The platform lets users browse and filter programs by instrument, category, location, tuition, scholarship availability, and application deadline. They can read and submit reviews from program alumni. They can view audition details. And they can submit new programs or edit existing ones, Wikipedia-style, with no account required. (Hopefully this will work out and nothing crazy will creep its way into the site!)
There are many platforms that index these programs, but all of them are proprietary. All of them are for-profit businesses where the listings are the product, and thus having public reviews of the programs behind the listings is not a good business tactic. So we're left with a situation where the average student, already up to their eyeballs in debt, has to pay to access the list of programs that they need to pay more money to attend.

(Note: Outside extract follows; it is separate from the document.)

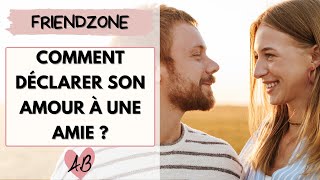 Comment déclarer son amour à une amie et sortir de la friendzone [upl. by Hartzke473]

If you're a student who doesn't want to pay and is willing to research and decide for yourself, the information problem here is real. Program details are scattered across individual websites with inconsistent formatting. Tuition and fee information is often buried in PDFs or behind application portals. Alumni reviews exist informally in Facebook groups and through word of mouth but aren't collected anywhere searchable. If you're a singer trying to compare Aspen's tuition against Brevard's, or trying to figure out whether AIMS in Graz is worth the now $7,500 price tag (could be! but how can you know? do they offer accommodation? travel? insurance? food? what about scholarship?), you're opening at least a dozen tabs, keeping a spreadsheet if you're savvy, and hoping the information is current and your judgment sound.
This work is then repeated for every student looking for a place to spend their summer. Because you're going to spend your summer performing somewhere. Your directors expect it. Your teacher expects it. Your future casting panel expects to see it in your resume. So you make your decision and hope that you chose the best one and read between the lines of all the marketing out there.

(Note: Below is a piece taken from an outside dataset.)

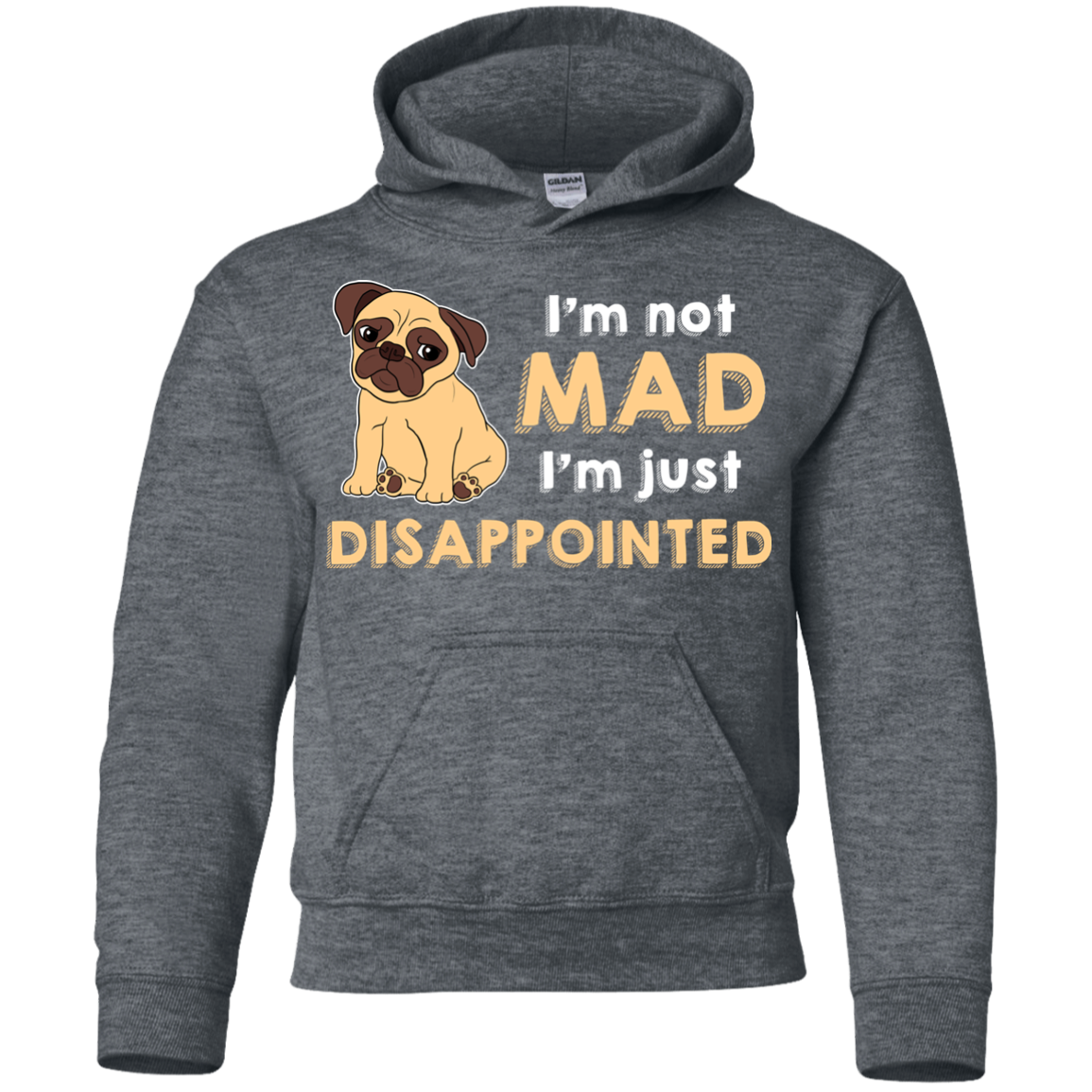 I'm Not Mad I’m Just Disappointed Pug T Shirts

Young Artist Community aims to be the community-maintained directory that this niche doesn't have yet. Think Glassdoor or RateMyProfessors, but for summer music programs.

Why It Came Together So Fast
72 commits. Roughly 21.5 hours. A deployed application with 11 verified programs, 18 API endpoints, a scraping pipeline, an admin panel, public editing, versioning, and a reporting system.

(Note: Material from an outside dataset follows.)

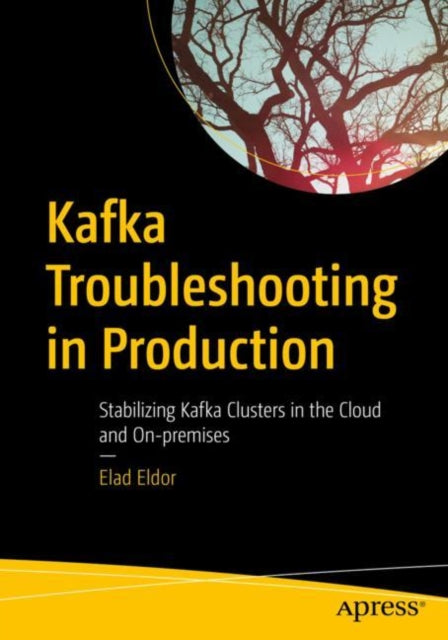 Kafka Troubleshooting in Production: Stabilizing Kafka Clusters in the Cloud and On-premises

The speed wasn't from cutting corners. It was from planning.
This was the first project in the 10-in-10 series where I invested serious time in system design before writing a single component. I started with a simple C4 diagram (L1 and L2) to define the users and broad shape of the application. An OpenAPI 3.0.3 specification (about 1,200 lines) that defined every endpoint, every request body, every response shape, adhering to the relevant rules from Zalando's RESTful API Guidelines. I drew an ERD (Entity Relationship Diagram) with Mermaid to map out the database schema in advance.

After the hours of initial planning, the payoff was immediate. With the data model defined, the API spec written, and the conventions decided, the implementation phase was almost mechanical. The 10 route handler files for the entire API layer went in within about 10 minutes. The seed script, the UI pages, and the filtering logic all followed the shapes that were already decided. There was very little backtracking because the major decisions were made upfront, not discovered mid-build. When an addition or revision was needed, it was simple to implement because the foundation was solid.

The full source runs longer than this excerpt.